- [What the exercise asks] What you write must be the lines from the one holding "this 448×297 image." through the final line of the records below, reproduced exactly, minus the pictures.

------ Material for this exercise

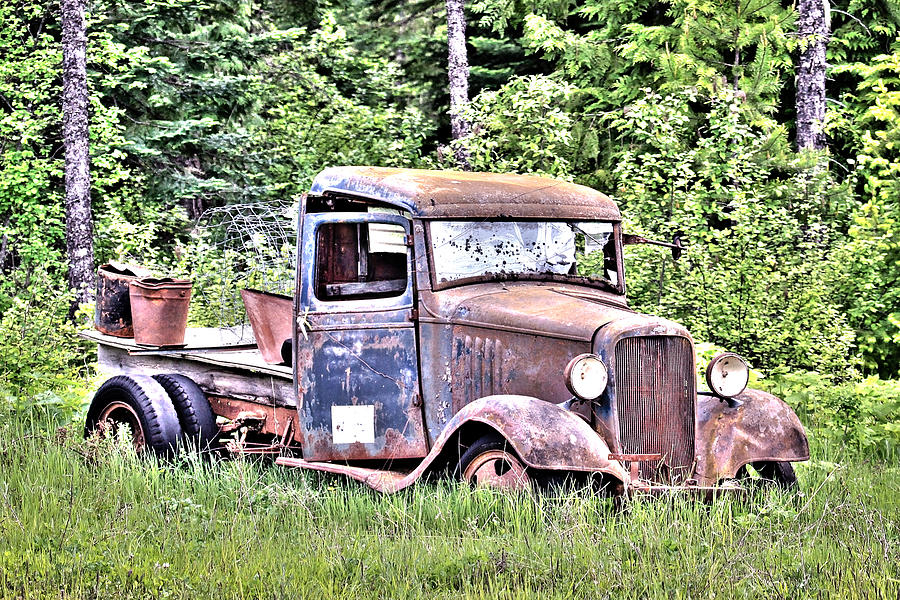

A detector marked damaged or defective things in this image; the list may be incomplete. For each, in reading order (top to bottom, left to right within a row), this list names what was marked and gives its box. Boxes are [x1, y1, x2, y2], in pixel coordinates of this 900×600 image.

damaged roof [308, 166, 620, 220]
broken windshield [428, 220, 620, 288]
rusty bucket [95, 262, 151, 338]
rusty bucket [128, 278, 192, 346]
rusty bucket [241, 288, 294, 364]
rusted vintage truck [84, 166, 812, 494]
old flat tire [85, 376, 183, 454]
old flat tire [152, 372, 219, 452]
corroded fender [274, 394, 624, 492]
old flat tire [458, 436, 528, 492]
corroded fender [692, 390, 812, 482]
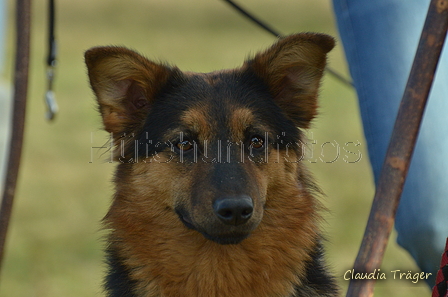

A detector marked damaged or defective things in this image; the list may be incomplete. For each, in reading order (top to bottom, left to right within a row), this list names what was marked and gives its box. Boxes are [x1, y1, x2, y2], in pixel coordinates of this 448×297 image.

rusty pole [0, 0, 32, 270]
rusty pole [346, 0, 448, 296]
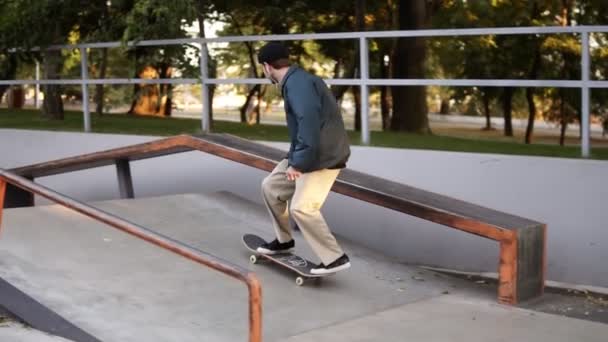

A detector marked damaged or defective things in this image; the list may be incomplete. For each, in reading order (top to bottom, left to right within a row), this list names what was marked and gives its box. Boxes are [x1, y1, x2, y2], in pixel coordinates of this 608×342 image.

rusty rail [0, 169, 262, 342]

------------

- [Output for this exercise]
A detector marked damaged or defective things in this image; the list may be incomplete. For each, in reading order (top to bottom, left to right within a row), this list names what was marked and gives its box. Boxes are [x1, y1, x2, y2], in pixel coordinates of this 448×297 image.

rusty pole [0, 0, 32, 270]
rusty pole [346, 0, 448, 296]

A detector marked damaged or defective things in this image; the list may be incomplete. For each, in reading order (top to bottom, left to right within a row), this list names what was marked and gives its box. Boxes are [x1, y1, x2, y2], in pixel coordinates of this 608×342 image.

rusty rail [0, 169, 262, 342]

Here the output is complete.